When traditional financial systems come under pressure, investors always look for alternative assets to hedge risks. What does increasing pressure on the dollar mean? It indicates that more and more institutions and individuals are considering diversification. From the data, the signals are already very clear.
Bitcoin is currently hovering around $90,793, brewing for a breakout above a key resistance level. Ethereum is close behind, maintaining strength at $3,116. What supports this wave of market movement? On-chain data provides the answer. Bitcoin spot ETF has maintained net inflows for three consecutive weeks, and exchange stablecoin reserves have reached their highest level this year, all of which are no coincidences.
Even more interestingly, SOL has risen against the trend to $137 amid market volatility, reflecting ongoing optimism for certain high-performance public chain ecosystems. The DeFi narratives within these ecosystems are revitalizing.
In the face of such market conditions, a few suggestions might be helpful: be especially cautious with leveraged positions, as high volatility makes it easy to get liquidated.

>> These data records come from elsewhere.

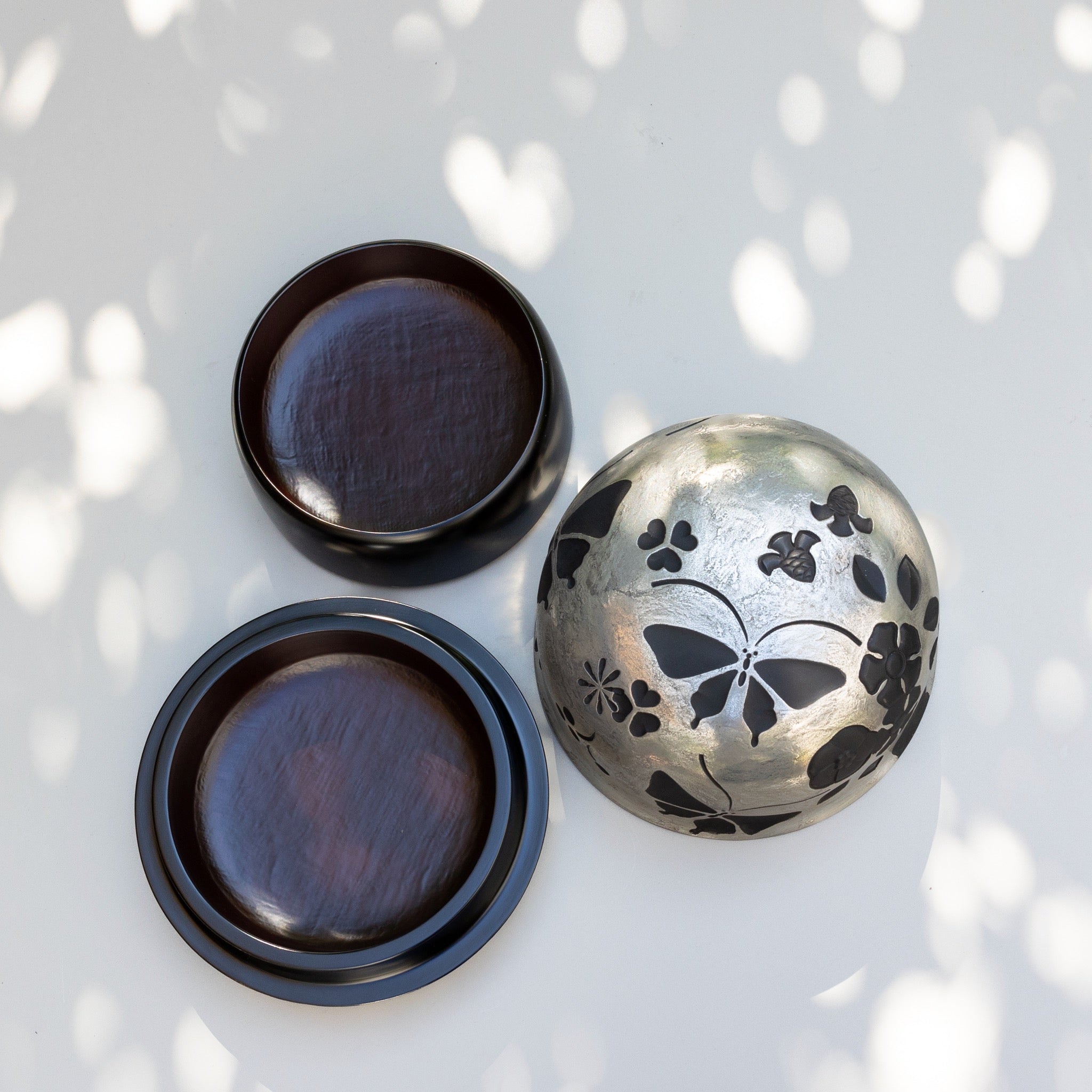 1_室町古典花蝶紋二段重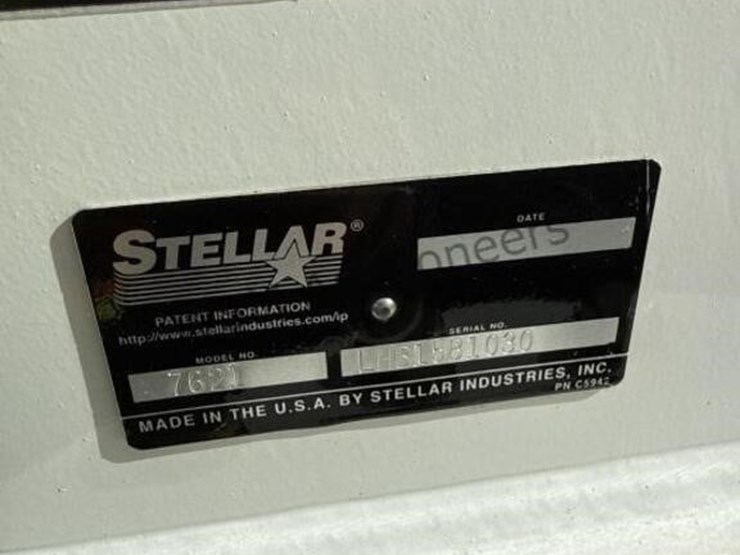 2016-ford-f550-image-18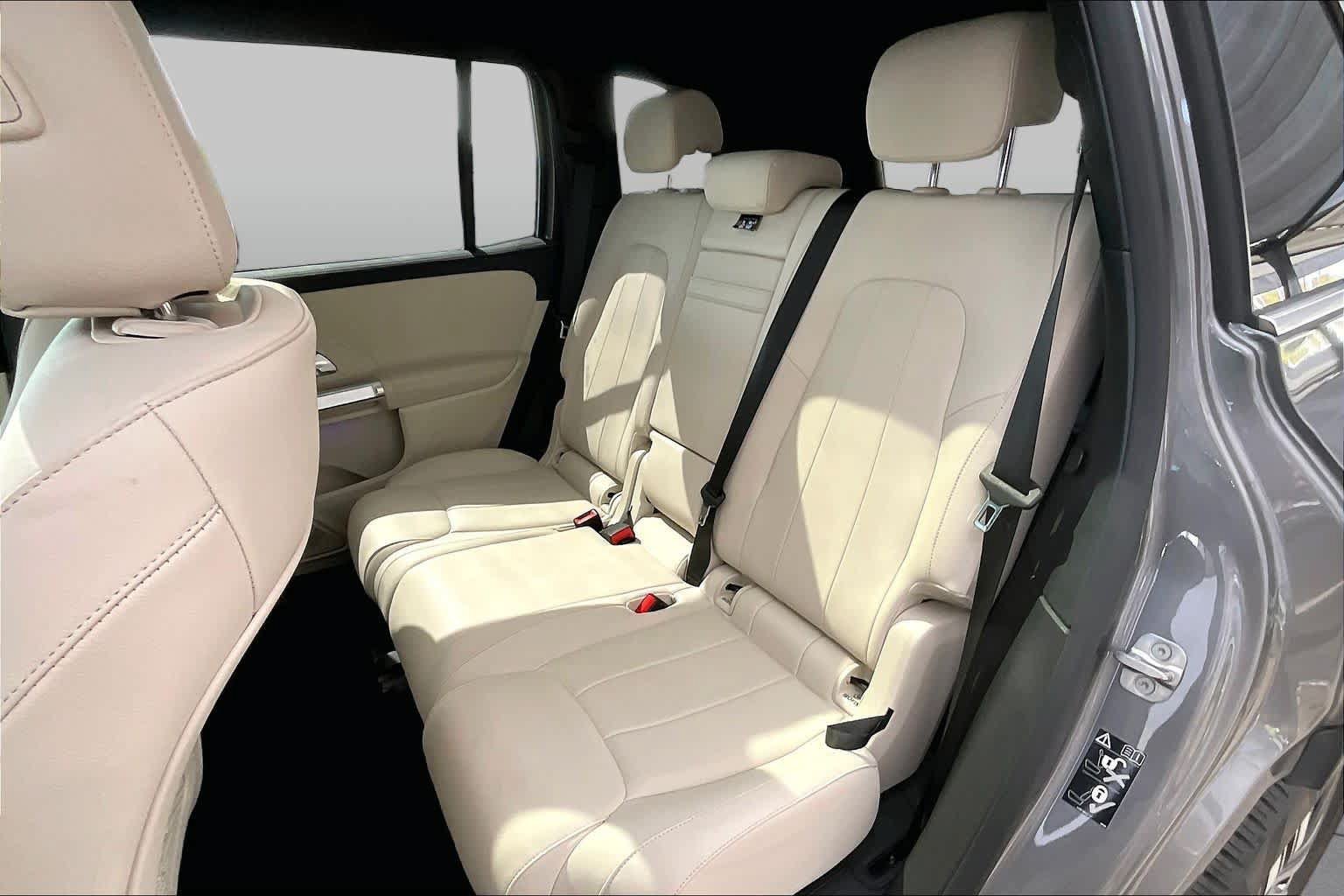 Used 2023 Mercedes-Benz EQB 250+ image 20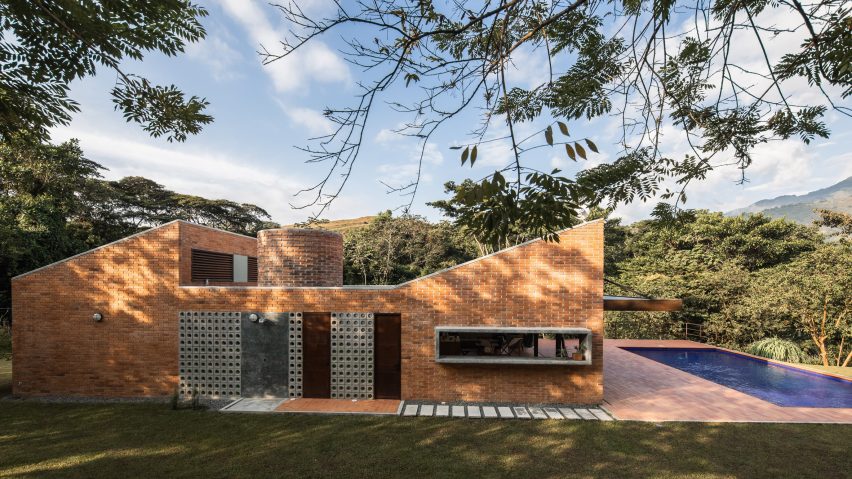 Plan:b Arquitectos creates brick vacation home in Colombian tropical forest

From another perspective, dollar-cost averaging strategies tend to have an advantage during periods of high macro uncertainty, helping to smooth risk. Also, pay attention to the development of mainstream ecosystems with solid fundamentals—true cycle winners are often not those involved in short-term speculation, but those who persist with long-term strategic layouts.
Dollar-cost averaging sounds stable, but in reality, it's a gamble on the cycle. Is entering now the same as three years ago?